A recent study looked at the rates of cancer among kids with lupus.
The results of the study showed that kids with lupus had higher rates of cancer when compared with other kids of the same ages in their region.
Sasha Bernatsky, MD, PhD, from McGill University in Montreal, Canada, led researchers to study the rate of cancer in kids with lupus.
Lupus is a long-term disease involving the immune system. With lupus, a patient’s immune system goes after healthy tissue and organs causing inflammation and eventual damage.
For this study, the researchers looked at 1,020 patients younger than 18 from 10 pediatric health centers throughout the US and Canada from 1974 to 2009. The average age among the patients was 12.6 years.
The researchers compared the patients in the study to other kids of the same age in the same region during the same calendar year for rates of cancer.
On average, each patient was followed for 7.8 years. The total number of patient years — each year that each patient was followed — was 7,986.
Before looking at the data, the researchers expected to find three types of invasive cancers among the patients. The researchers found a total of 14 invasive cancers among the patients.
They divided the total number of invasive cancers (14) by the number of expected invasive cancers (3) to find the risk ratio of 4.7. Risk ratios are used to determine whether rates of cancer are higher or lower among a certain population compared with the general, regional population.
The highest rate of cancer was seen in lupus patients 10-19 years after they had been diagnosed with lupus with a 9.2 risk ratio, meaning 9.2 x the expected number of invasive cancers (3).
On average, most lupus patients were diagnosed with cancer 12.3 years after having been diagnosed with lupus.

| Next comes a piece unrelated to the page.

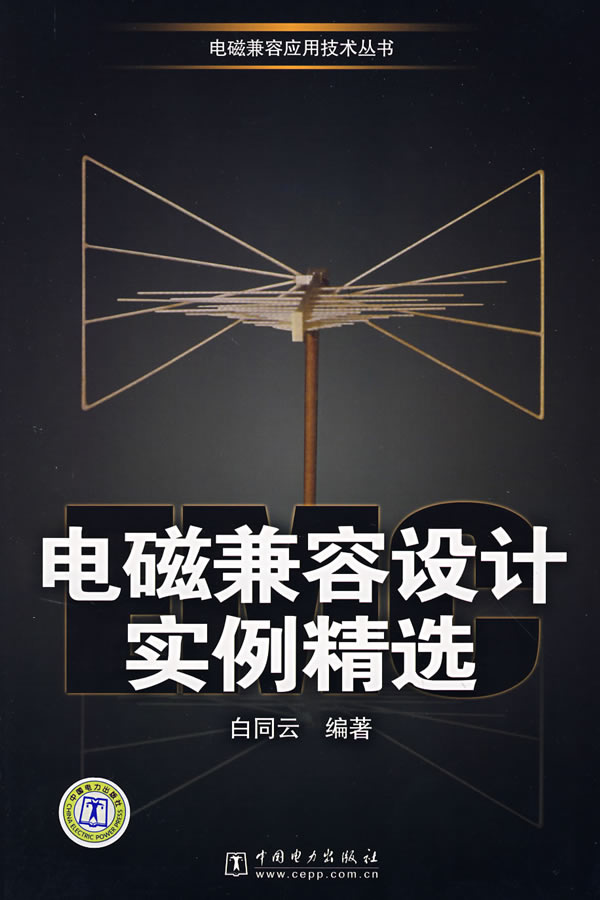电磁兼容设计实例精选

Three blood cancers, two cases of Non-Hodgkin’s lymphoma, one case of leukemia, three head and neck cancers, four unspecified cancers, and one case of the following cancers were found: bladder, brain, breast, thyroid.
The study authors concluded that they found a slightly increased risk of cancer among kids with lupus, especially blood cancers, when compared with other kids in the same population. "Of course, in absolute terms, this still translates into relatively few events (1.75 incident cancers per 1000 person-years), which is somewhat re-assuring," the researchers wrote.
This study was published in November in Arthritis Research & Therapy.
The Canadian Institutes of Health and the National Institutes of Health supported funding for this project. The authors declared no conflicts of interest.